One of the things I promised myself when I moved to France, was not to buy cheese in the supermarket. It’s not that you can’t get good cheese there. You can. But if people continue buying cheese at the supermarket, eventually les fromageries will lose business and disappear, which would be a terribly sad thing for France.
And even sadder for me, since I’d probably move.
But there is one damsel I’ve become acquainted with, and she’s unattached, not affiliated with any fromager: Madame Loïk.
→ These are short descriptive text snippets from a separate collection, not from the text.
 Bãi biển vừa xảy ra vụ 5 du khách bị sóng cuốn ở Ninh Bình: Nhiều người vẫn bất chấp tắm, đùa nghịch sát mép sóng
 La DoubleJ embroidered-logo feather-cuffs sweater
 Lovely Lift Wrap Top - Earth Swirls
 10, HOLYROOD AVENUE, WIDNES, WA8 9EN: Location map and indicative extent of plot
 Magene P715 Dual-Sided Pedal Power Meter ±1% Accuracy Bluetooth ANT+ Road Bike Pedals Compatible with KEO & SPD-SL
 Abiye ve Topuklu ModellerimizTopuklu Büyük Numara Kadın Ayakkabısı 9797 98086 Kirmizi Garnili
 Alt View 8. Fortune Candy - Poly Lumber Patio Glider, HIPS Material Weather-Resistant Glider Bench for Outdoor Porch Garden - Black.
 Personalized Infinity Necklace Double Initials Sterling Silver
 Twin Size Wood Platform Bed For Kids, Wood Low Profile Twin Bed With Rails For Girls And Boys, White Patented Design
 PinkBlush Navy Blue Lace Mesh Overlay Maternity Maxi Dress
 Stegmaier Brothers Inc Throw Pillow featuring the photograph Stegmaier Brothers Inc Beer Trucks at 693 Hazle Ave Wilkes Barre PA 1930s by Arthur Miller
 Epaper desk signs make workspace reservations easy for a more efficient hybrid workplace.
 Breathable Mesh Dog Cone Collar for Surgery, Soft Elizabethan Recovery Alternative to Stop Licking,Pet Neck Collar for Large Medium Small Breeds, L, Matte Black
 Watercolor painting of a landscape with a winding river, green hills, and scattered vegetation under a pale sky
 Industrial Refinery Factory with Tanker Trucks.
Simply spread on slices of bread without anything getting between me and her snow-whiteness, Madame Loïk is one of my sinful pleasures from the supermarket. In the past, I’ve added finely-chopped fines herbes and olives and used her as a spread. And just the other night, I made a simple snack for l’heure d’apèro by topping a bit of bread with a smear of Madame, then delicately draping an anchovy filet over her.
I don’t know much about her, though; she’s a woman wrapped in mystery.
She calls herself “fromage fouetté nature” (whipped cheese) and I don’t think she has an equal anywhere else. And although there’s a couple of different varieties, my hands-down favorite is the one with sel de Guérande noted on the label. (Don’t you wish in America they’d start telling you what kind of salt they use? Seems like there’s everything else on labels over there.)
I don’t buy her very often, since she’s incredibly rich, so I’m sure she’s not dependent on me, financially. But every once in a while, when I’m at the store, I’ll bring her home, lift her top, and dive in, enraptured in the creamy madness, the fluffy freshness, and the silky softness of her snow-white crevasse.
Afterwards, we take a break until I can’t stand it anymore. Then I’ll go back for more.